18 June, 2010


Today we had morning tea with the pastor (and his wife) who married us nearly thirteen years ago. These people are special. They immigrated to Australia from Ireland a year before we were married to be pastor of our church. He was on the missions committee of our church at the time we began to apply to OMF International. They were at our farewell from that church nearly 10 years ago too. They have been through considerable suffering themselves - a near fatal accident, permanent injury, serious conflict within a church and unemployment. And now they are going themselves (in their 50s) - to teach English at a church in Japan for a year.
There were many dimensions to our conversation today - from reminiscing to practical advice to discussion about mission in general and many stories of their varied experiences.

There are many things I could write about our meeting, but one sticks in my mind. She remembered something we said on the actual eve of our departure the first time in 2000 (I only remember being very emotional and terrified). We apparently were interviewed before the whole church and were asked, "Why are you going to Japan?" The answer (I presume David gave) was "Because of the Great Commission". This stuck in her mind all these years as she's never heard anyone say that.  Apparently most people give a longer winded version of what they consider their "call". Obviously David cut to the chase that day. We still agree. The great commission is out there for every Christian - no special divine lightning bolt from heaven is necessary.

One of the things that is part of our role as missionaries, especially on home assignment, is "mobilisation". Similar to the business term "recruitment". It is a rather nebulous part of our role. And, as it turns out, we do mobilisation just by being us and answering the questions. Another person told me last year that just us doing what we do is challenging to those around us.

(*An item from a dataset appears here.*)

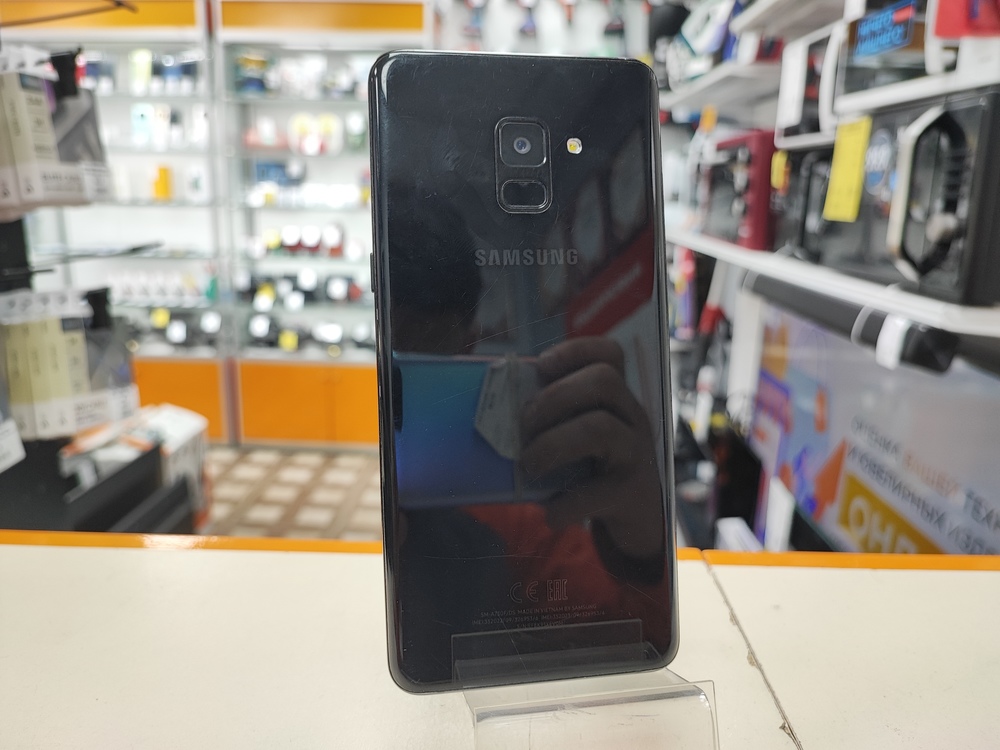 Смартфон Samsung Galaxy A8 2018 4/32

Amazing how God uses us without us even knowing!

P.S. The photo, by the way, is of some of our friends at church our last day in Australia in 2000.


Melissa said...

Wow. That photo is a blast from the past. That same group of adults would be out numbered by their children now. would

Wendy said...

Yep, I think 26 kids, if I count correctly.

Helen said...

Oh. my. goodness! I agree with Mel. I can see Josh Munns has got designs on being elsewhere!